Il pisano Andrea Casella anziché restare sull’uscio è entrato dritto nel cuore dei tifosi mensanini. È bastato un videomessaggio di saluto nel giorno della sua prima visita in Viale Sclavo per conquistare tutti. I numeri dei social biancoverdi non mentono: qualche migliaio di visualizzazioni su Facebook, centinaia di “Mi piace” e di condivisioni e tanti commenti di apprezzamento per le parole del nuovo giocatore biancoverde.

L’ambientamento a Siena, per l’ex Dinamica Mantova, non sarà dunque un problema anche se ad attenderlo in città non ci sarà un amico di vecchia data, l’ex Robur Ettore Mendicino tornato a Cosenza. “Con SuperMendo ci sentiamo spesso, ci conosciamo dai tempi dell’università e anche con Tremolada (centrocampista ex Arezzo, ndr) siamo molto legati. Sono due calciatori ‘atipici’ perché il basket è la loro vita: magari verranno a vedermi al Palasport” racconta Casella.

Con un videomessaggio hai già conquistato i tifosi: te lo aspettavi?

«Siamo toscani, c’è sempre quel qualcosa in più. Per queste cose siamo nati apposta (ride, ndr)».

Tre parole che ti descrivono.

«Di solito mi diverto. Ah sono quattro? Allora con ‘di solito’ scritto tutto attaccato. A parte scherzi, direi parecchio sanguigno, divertente e abbastanza cazzuto».

Come è stato il tuo primo approccio con la città?

«Eccezionale. Sono venuto tante volte a giocare al palazzetto a Siena e tutte le volte era un sogno solo essere lì. Ora conoscere il dietro le quinte della società, entrare al palasport dalla porta di casa è un bello stimolo. Sto vivendo le emozioni che avrei voluto provare quando ero avversario della Mens Sana nelle giovanili».

Una cosa che farai a Siena nel primo giorno libero?

«Un giro per il centro storico di sicuro.
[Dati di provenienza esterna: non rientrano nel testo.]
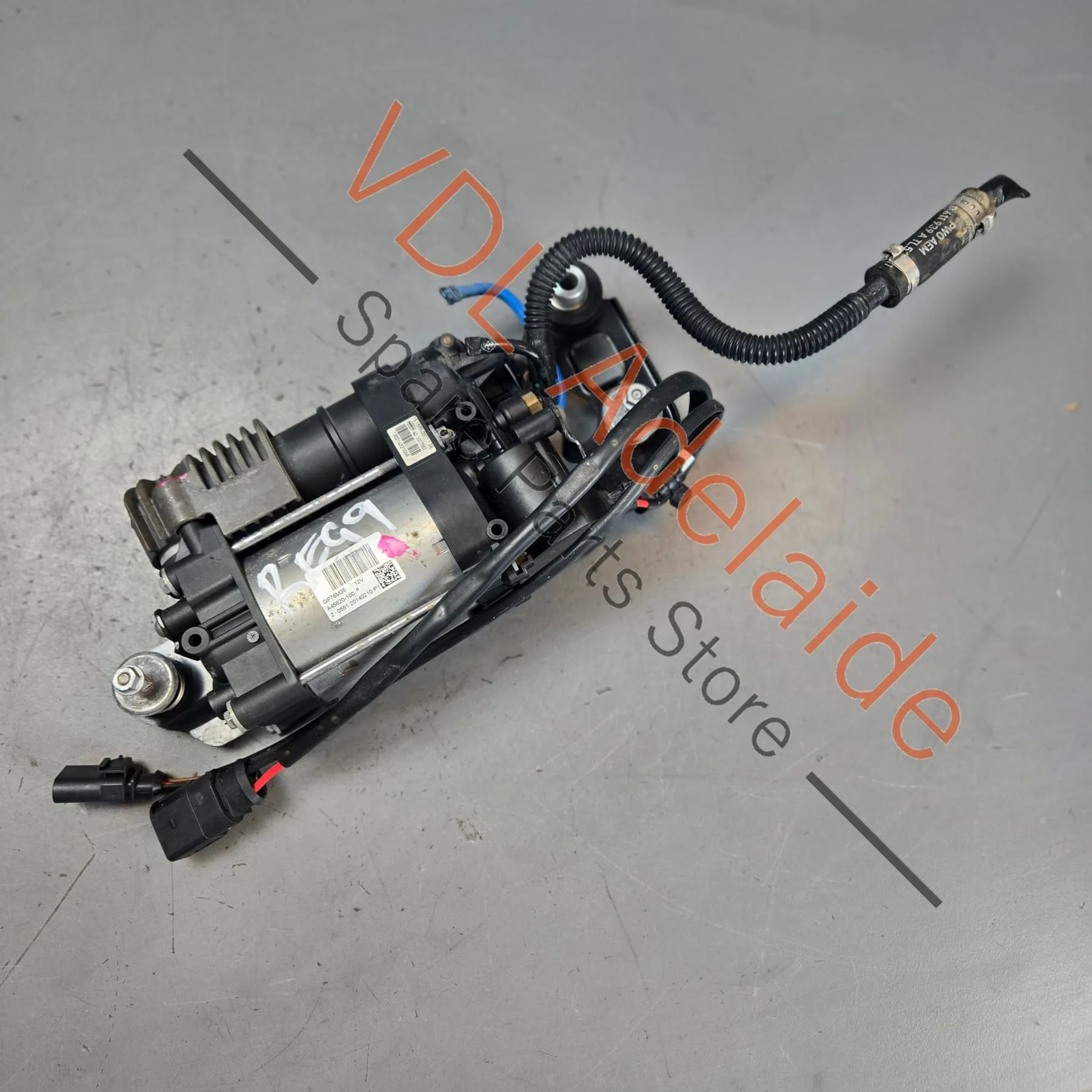 Genuine VW Touareg 7P Air Suspension Pump & Valve Block 7P0698007E 7P0698014B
Per come sono fatto mi piace molto vivere la città e scoprire tutto quello che offre. L’ho sempre fatto nei posti dove ho giocato finora e poi ho tanti amici a Siena che mi daranno una mano. Anche qualche bel ristorantino ma senza dirlo al Presidente Bagatta…».

Sei laureato in scienze e tecniche psicologiche. Casella psicologo anche in campo?

«In campo mi serve lo psichiatra…Scherzi a parte provo a mettere in campo le qualità umane e anche le conoscenze di questo percorso di studi. Possono servire per aiutare i miei compagni e la squadra, per poter remare tutti nella stessa direzione».

A soli 27 anni sarai, con Elston Turner, il giocatore più “grande” del roster dopo Lestini: tutta esperienza al servizio dei compagni?

«Assolutamente sì. E mi sento pronto anche per una bella tinta per i capelli bianchi. Ironia a parte, credo che questa esperienza potrà farmi crescere con il supporto dei compagni e anche io potrò aiutarli a completare il loro percorso di maturazione».

Il tuo ruolo in campo: preferisci giocare da ala piccola?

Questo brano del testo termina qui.